A Fond Farewell to Jeffery Jay Lowder

By James Still

On January 15, after five years of building the Secular Web from the ground up, Internet Infidels President Jeffery Jay Lowder will retire. Jeff has decided it is time to move on and is interested in going back to school to study philosophy. He also looks forward to finishing several papers and other projects. Beginning on January 15th, I will take over as president of the Internet Infidels.

While I’m excited that Jeff is finally going to have time in his life for more writing and study, I am also going to miss him around here. In the spring of 1995, Jeff teamed up with Brett Lemoine and together they coined the tongue-in-cheek phrase "Internet Infidels" and started the Secular Web when the web was still in its infancy. They had a bold vision: provide a comprehensive online library for agnostics, atheists, humanists and freethinkers that would contain the very best secular literature in the world. Way back in 1995, the web was a small wild west town, hardly settled but teeming with enormous potential. In those heady days there were even fewer web sites devoted to the philosophy of religion. Philosophy departments at major universities hadn’t yet figured out what the web was all about and you had to look long and hard to find a theistic web site. But the Secular Web was a prominent presence right from the start, due mainly to Jeff’s tireless efforts and his ability to see the potential in the web before anyone else had.

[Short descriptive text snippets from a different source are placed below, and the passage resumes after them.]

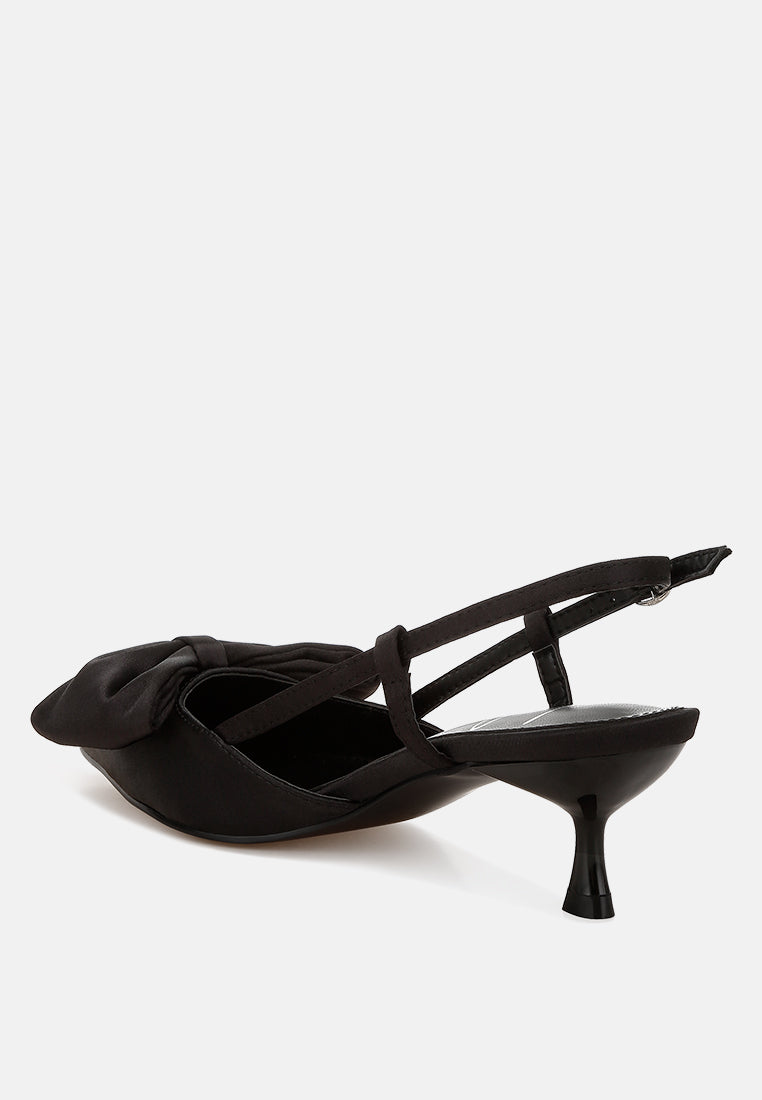 okshak satin bow slingback sandals#color_black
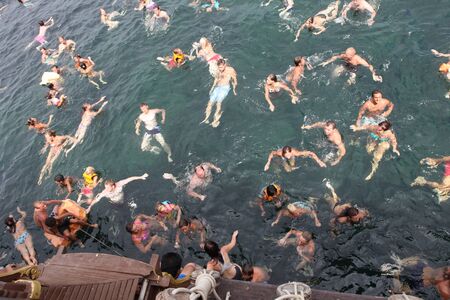 People enjoy swimming in the Aegean Seaのeditorial素材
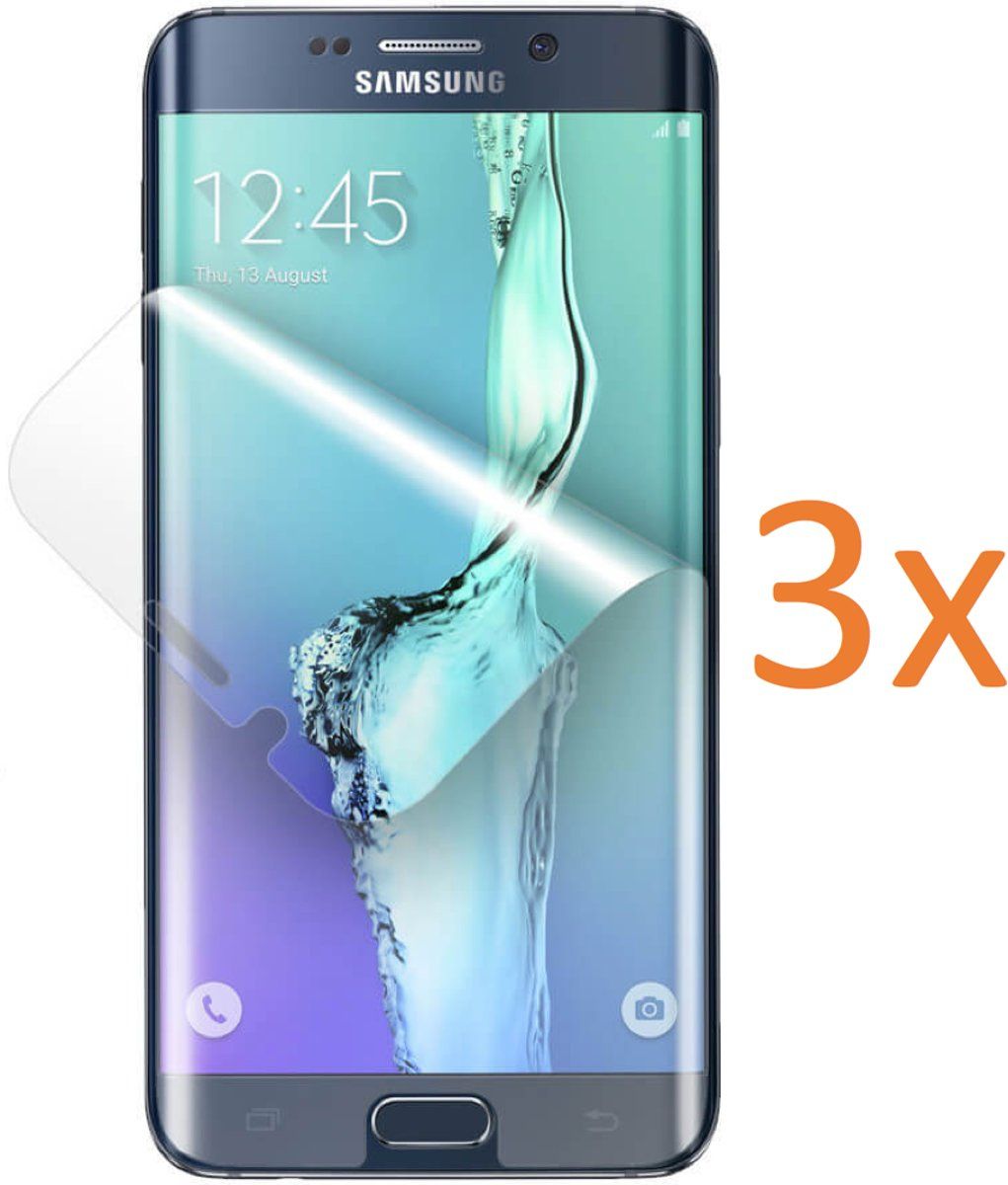 iCall 3x Screenprotector voor Samsung Galaxy S6 Edge+ / S6 Edge Plus - Edged 3D Glas PET Folie Screenprotector Transparant 0.2mm 9H Full Screen Protector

Jeff started and edited the Internet Infidel’s newsletter and feedback forum. He also contributed dozens of feature articles over the years while managing to publish important papers and book reviews. Jeff’s latest book review on Lee Strobel’s The Case for Christ was published in the journal Philo. Over the last five years, Jeff led the site through the web expansion of the late nineties at a time when the web also experienced the exponential growth we have today. Today, the Secular Web is virtually alone among the hundreds and hundreds of well-financed and heavily-promoted theistic web sites. If not for the dedication of infidels like Jeff, there might not be prominent voices for nonbelief on the web. We all owe a debt to Jeff for sticking with his vision when a whole lot of others started, then abandoned, freethought websites.